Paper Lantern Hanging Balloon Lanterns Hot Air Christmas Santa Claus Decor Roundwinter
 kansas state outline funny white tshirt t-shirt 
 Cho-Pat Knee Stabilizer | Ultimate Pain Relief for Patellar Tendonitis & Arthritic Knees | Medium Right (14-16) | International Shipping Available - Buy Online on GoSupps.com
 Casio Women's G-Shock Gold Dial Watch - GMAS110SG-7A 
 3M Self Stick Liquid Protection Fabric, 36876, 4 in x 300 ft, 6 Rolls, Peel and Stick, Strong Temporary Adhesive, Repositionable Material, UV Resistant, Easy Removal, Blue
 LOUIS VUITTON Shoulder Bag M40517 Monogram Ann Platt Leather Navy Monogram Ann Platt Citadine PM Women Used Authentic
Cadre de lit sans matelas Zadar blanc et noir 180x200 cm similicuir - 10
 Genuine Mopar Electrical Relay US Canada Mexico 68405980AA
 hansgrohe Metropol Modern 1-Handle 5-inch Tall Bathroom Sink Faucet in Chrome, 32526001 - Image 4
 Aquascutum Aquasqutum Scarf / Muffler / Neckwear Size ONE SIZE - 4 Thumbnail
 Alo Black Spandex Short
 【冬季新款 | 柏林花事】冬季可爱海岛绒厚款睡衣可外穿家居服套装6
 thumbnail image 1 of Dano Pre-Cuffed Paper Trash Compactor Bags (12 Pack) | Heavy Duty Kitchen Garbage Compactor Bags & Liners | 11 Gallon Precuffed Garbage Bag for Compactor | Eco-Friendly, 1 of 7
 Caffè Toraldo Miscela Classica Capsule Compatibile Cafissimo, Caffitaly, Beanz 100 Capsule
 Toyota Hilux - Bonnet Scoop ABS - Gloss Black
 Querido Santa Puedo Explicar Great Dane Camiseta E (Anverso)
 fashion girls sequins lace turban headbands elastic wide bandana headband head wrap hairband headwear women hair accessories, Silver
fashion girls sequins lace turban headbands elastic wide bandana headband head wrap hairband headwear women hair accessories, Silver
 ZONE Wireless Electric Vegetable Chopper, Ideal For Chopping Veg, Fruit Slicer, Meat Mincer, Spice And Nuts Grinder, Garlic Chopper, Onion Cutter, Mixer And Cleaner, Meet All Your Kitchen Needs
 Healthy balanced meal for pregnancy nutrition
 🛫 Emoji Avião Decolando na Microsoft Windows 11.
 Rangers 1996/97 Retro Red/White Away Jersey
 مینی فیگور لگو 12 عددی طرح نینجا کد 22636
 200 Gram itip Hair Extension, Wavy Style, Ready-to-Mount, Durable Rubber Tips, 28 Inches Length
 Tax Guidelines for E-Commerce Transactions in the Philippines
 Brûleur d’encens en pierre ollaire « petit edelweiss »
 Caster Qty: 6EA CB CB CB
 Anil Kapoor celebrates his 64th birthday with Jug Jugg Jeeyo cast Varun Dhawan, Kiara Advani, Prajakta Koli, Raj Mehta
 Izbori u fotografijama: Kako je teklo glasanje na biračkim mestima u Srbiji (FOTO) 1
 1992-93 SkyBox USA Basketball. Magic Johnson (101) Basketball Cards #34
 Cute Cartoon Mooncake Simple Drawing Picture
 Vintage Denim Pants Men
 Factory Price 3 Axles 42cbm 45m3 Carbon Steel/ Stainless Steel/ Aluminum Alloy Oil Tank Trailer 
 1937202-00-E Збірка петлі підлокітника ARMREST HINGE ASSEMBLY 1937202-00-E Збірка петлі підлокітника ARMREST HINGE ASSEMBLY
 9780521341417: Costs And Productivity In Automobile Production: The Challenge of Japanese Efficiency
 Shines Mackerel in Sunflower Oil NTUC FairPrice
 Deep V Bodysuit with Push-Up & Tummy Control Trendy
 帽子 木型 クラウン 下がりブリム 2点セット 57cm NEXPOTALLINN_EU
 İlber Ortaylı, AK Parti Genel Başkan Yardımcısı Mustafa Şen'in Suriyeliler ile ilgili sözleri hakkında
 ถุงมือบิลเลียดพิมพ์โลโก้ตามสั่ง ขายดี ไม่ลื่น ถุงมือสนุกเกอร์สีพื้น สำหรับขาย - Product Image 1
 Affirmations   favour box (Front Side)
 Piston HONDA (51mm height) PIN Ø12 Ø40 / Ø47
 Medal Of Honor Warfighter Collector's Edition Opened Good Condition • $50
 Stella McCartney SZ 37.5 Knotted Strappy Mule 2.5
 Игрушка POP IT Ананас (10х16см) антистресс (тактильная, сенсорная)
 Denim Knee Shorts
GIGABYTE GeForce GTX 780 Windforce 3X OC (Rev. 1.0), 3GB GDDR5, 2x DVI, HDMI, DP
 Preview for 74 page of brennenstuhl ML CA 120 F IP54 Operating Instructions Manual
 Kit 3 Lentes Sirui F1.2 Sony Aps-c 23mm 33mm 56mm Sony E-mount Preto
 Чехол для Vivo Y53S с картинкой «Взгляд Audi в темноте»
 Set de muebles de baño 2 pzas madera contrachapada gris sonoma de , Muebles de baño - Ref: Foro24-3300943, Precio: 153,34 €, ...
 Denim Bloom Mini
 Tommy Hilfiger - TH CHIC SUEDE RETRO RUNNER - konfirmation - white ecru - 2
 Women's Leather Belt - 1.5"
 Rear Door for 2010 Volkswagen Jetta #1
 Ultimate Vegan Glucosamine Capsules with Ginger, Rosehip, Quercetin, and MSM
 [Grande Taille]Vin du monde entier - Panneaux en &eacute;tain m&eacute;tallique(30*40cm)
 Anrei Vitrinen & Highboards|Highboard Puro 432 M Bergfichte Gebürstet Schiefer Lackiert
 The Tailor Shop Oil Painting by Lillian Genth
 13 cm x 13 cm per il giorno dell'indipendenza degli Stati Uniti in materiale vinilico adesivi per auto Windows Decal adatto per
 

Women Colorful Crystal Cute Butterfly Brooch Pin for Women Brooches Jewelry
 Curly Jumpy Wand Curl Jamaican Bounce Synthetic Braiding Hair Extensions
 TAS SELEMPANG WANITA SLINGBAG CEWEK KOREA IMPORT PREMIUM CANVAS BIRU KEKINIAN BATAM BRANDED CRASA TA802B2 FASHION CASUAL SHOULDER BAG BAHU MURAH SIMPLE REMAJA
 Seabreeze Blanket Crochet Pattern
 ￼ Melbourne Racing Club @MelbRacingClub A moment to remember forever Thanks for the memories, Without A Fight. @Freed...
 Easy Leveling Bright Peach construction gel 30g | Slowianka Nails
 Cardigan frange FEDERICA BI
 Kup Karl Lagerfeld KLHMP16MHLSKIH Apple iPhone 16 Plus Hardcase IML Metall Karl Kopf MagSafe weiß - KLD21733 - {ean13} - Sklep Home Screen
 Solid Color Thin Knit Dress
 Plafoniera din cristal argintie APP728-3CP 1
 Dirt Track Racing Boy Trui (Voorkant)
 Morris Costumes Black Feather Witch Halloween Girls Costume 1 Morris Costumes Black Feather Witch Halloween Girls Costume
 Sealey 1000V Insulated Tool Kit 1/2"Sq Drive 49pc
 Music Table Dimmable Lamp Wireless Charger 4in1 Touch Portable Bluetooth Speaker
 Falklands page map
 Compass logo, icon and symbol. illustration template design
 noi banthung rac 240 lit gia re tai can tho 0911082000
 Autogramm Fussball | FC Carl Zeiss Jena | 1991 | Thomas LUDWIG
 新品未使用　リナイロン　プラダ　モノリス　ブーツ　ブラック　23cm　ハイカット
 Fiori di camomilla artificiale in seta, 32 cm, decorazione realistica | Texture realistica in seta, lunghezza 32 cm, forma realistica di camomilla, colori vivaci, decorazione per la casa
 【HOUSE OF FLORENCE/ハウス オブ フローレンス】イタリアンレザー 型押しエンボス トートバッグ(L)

Required work
Repeat exactly the lines of the data from the first one through the line with "Cadre de lit", both of them included.

Exercise answer
Paper Lantern Hanging Balloon Lanterns Hot Air Christmas Santa Claus Decor Roundwinter
 kansas state outline funny white tshirt t-shirt 
 Cho-Pat Knee Stabilizer | Ultimate Pain Relief for Patellar Tendonitis & Arthritic Knees | Medium Right (14-16) | International Shipping Available - Buy Online on GoSupps.com
 Casio Women's G-Shock Gold Dial Watch - GMAS110SG-7A 
 3M Self Stick Liquid Protection Fabric, 36876, 4 in x 300 ft, 6 Rolls, Peel and Stick, Strong Temporary Adhesive, Repositionable Material, UV Resistant, Easy Removal, Blue
 LOUIS VUITTON Shoulder Bag M40517 Monogram Ann Platt Leather Navy Monogram Ann Platt Citadine PM Women Used Authentic
Cadre de lit sans matelas Zadar blanc et noir 180x200 cm similicuir - 10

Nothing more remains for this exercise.